Я очень хорошо запомнил интонацию этого ответа. Мы шли полем в Переделкине (тем полем, что зовется Неясной поляной). Он, наверное, думал о другом, смотрел куда-то вдаль. И оба его ответа были машинальны и естественны, словно не противоречили друг другу.
Я не помню, что подумал тогда. Сейчас мне кажется, что вновь приоткрылась для меня важная грань его существования. Это всем детским существом фантаста Утверждаемое:
— Конечно, есть!
И отвергаемое зрелым опытом:
— А может быть, и нет...
Но в отрицании есть еще — «может быть». Есть место надежде. Может быть...
1965
День с Заболоцким
По Дубовому залу старого Дома литераторов шел человек степенный и респектабельный, с большим портфелем. Шел Павел Иванович Чичиков с аккуратным пробором, с редкими волосами, зачесанными набок до блеска. Мне сказали, что это Заболоцкий.
Первое впечатление от него было неожиданно — такой он был степенный, респектабельный и аккуратный. Какой-нибудь главбух солидного учреждения, неизвестно почему затесавшийся в ресторан Дома литераторов. Но все же это был Заболоцкий, и к нему хотелось присмотреться, хотелось отделить от него Павла Ивановича и главбуха, потому что были стихи не главбуха, не Павла Ивановича, и, значит, внешность была загадкой, или причудой, или хитростью.
Заболоцкий сидел, поставив на пол рядом с собой громадный портфель, и слушал кого-то из секции переводчиков. И вдруг понималось: ничего сладостного и умилительного в лице. Черты его правильны и строги. Поздний римлянин сидел перед нами и был отрешен, отчужден от всего, что происходит вокруг. Нет, тут не было позы, ничего задуманного, ничего для внешнего эффекта.
Одиночество не показное, гордость скромная. И портфель — талисман, бутафория, соломинка, броня. Он стоял рядом на полу, такой же отчужденный от всего, как и его владелец. Он лежал на полу, как сторожевая собака, готовый в любую секунду очутиться в руке. Нет, не в руке Павла Ивановича, может быть, в руке Каренина,— когда отбрасывался главбух, проступал Каренин, и это было ближе и точнее, но опять-таки не точно и не близко.

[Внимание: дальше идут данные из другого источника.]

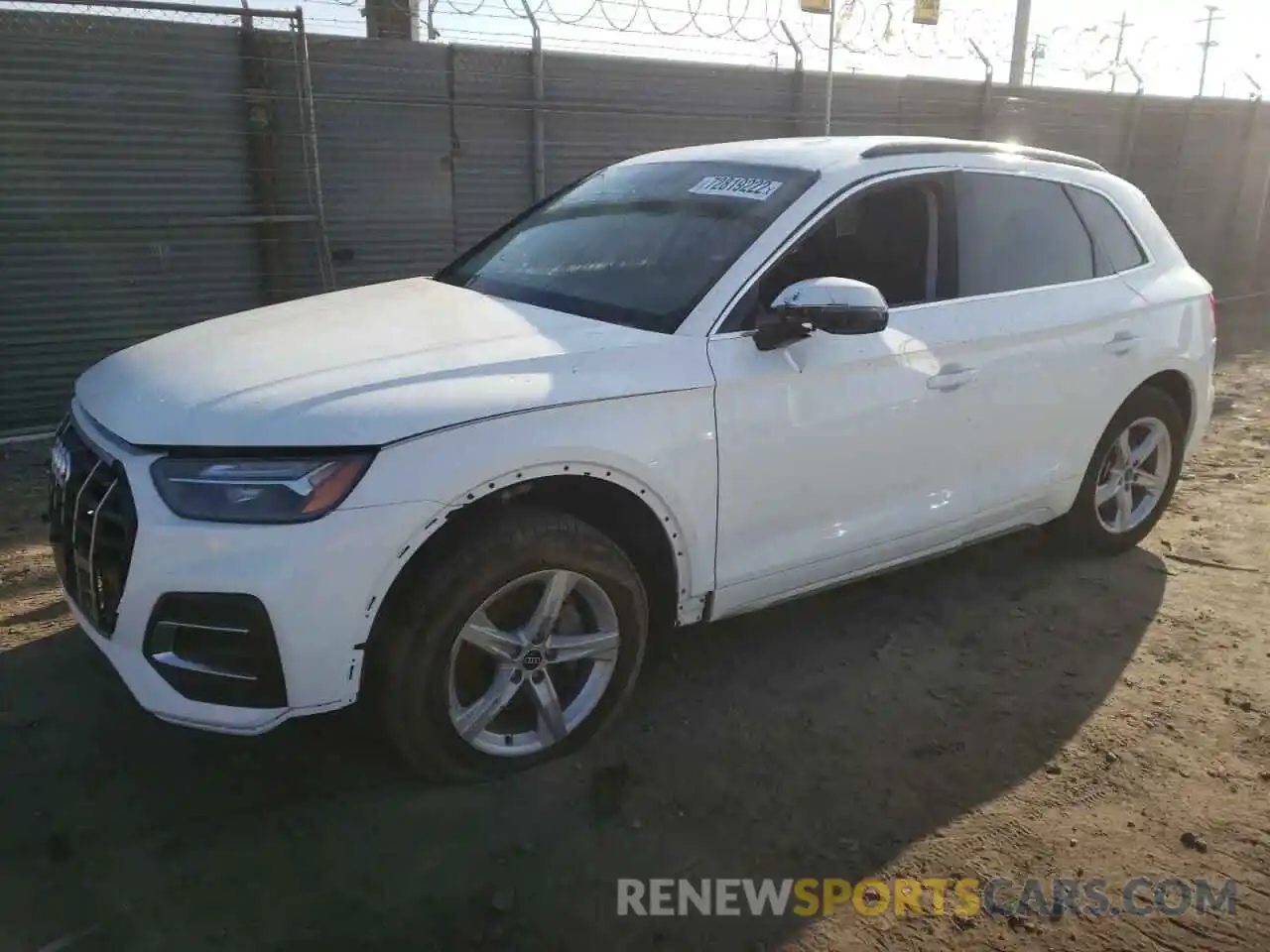 1 Photograph of a damaged car WA1AAAFY0M2003764 AUDI Q5 2021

Точна посмертная маска: классик, мастер, мыслитель.
Заболоцкий — характер баховский. Конечно, баховский, с поправкой на XX век. Уже с простодушием изверившимся, гармонией сломанной. Где «баховское», пантеистическое — лишь форма, лишь противодействие ложному «бетховианству» и насмешка над дурашливым Моцартом. И — разрыв между «важной», спокойной, старомодной манерой и пытливой, современной, острой мыслью. И отсюда — гротеск.